-- Given information follows --

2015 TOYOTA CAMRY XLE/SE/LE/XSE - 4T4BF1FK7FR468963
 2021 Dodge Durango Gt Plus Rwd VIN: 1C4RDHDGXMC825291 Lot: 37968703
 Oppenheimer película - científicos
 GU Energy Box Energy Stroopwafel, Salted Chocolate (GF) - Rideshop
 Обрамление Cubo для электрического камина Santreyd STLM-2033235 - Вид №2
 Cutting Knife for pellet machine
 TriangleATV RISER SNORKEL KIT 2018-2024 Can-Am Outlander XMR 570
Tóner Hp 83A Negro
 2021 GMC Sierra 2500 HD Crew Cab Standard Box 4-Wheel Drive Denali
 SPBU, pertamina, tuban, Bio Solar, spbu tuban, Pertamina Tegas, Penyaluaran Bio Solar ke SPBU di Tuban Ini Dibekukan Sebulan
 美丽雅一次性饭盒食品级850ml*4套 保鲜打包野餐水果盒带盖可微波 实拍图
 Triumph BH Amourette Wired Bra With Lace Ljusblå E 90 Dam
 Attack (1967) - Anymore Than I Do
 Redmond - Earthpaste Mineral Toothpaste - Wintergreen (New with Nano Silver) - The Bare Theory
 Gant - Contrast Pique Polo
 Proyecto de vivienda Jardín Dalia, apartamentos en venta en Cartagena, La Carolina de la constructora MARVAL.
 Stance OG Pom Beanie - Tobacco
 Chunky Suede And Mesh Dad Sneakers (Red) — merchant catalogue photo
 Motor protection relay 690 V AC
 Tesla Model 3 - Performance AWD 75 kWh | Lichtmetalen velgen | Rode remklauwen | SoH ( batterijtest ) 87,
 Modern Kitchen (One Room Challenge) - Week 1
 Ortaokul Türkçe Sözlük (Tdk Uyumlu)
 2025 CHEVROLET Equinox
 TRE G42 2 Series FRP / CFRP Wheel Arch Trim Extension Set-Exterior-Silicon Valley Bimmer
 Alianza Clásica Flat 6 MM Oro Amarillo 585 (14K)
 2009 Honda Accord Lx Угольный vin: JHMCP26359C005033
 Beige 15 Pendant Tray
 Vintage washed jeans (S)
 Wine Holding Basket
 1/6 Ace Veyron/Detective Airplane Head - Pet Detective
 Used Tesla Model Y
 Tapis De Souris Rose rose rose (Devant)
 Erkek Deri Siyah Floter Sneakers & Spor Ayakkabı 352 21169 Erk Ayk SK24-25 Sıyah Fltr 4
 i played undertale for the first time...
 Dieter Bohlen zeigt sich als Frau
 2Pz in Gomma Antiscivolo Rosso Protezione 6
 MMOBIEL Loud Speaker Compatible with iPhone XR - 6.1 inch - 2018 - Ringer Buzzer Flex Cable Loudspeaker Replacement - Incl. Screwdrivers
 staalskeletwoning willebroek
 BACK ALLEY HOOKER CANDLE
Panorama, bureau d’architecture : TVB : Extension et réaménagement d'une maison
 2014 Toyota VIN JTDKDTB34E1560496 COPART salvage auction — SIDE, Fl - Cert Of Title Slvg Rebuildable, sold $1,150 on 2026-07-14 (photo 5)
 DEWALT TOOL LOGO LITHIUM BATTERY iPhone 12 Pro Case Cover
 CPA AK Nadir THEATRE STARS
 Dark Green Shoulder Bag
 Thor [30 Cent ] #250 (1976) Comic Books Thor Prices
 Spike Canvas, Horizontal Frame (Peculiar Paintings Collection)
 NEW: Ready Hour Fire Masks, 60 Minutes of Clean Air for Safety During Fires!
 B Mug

-- Given information concluded --

Would you return exactly the lines from the one containing "2014 Toyota VIN" through the end of the listing, both included, and only them?

 2014 Toyota VIN JTDKDTB34E1560496 COPART salvage auction — SIDE, Fl - Cert Of Title Slvg Rebuildable, sold $1,150 on 2026-07-14 (photo 5)
 DEWALT TOOL LOGO LITHIUM BATTERY iPhone 12 Pro Case Cover
 CPA AK Nadir THEATRE STARS
 Dark Green Shoulder Bag
 Thor [30 Cent ] #250 (1976) Comic Books Thor Prices
 Spike Canvas, Horizontal Frame (Peculiar Paintings Collection)
 NEW: Ready Hour Fire Masks, 60 Minutes of Clean Air for Safety During Fires!
 B Mug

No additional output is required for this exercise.